* Available data:
+--

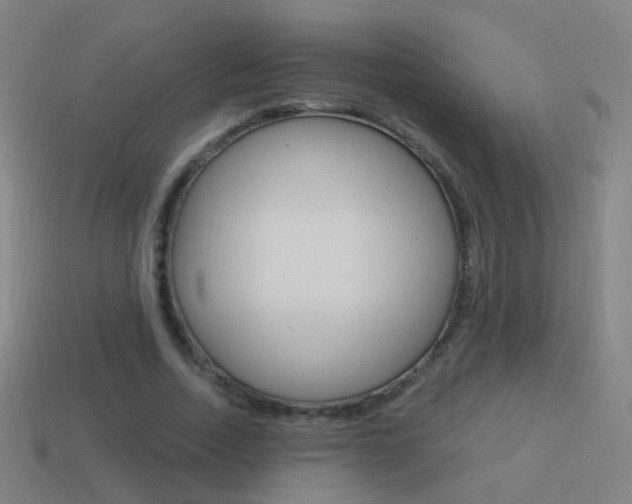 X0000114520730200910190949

+--

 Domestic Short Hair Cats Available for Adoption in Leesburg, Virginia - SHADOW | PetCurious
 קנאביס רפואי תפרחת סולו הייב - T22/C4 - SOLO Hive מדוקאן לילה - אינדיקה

+--

* Problem to work on: Using the entries shown above, reproduce verbatim the lines from the line bearing "Domestic Short Hair" to the line bearing "קנאביס רפואי תפרחת", inclusive.

* Written reply:
 Domestic Short Hair Cats Available for Adoption in Leesburg, Virginia - SHADOW | PetCurious
 קנאביס רפואי תפרחת סולו הייב - T22/C4 - SOLO Hive מדוקאן לילה - אינדיקה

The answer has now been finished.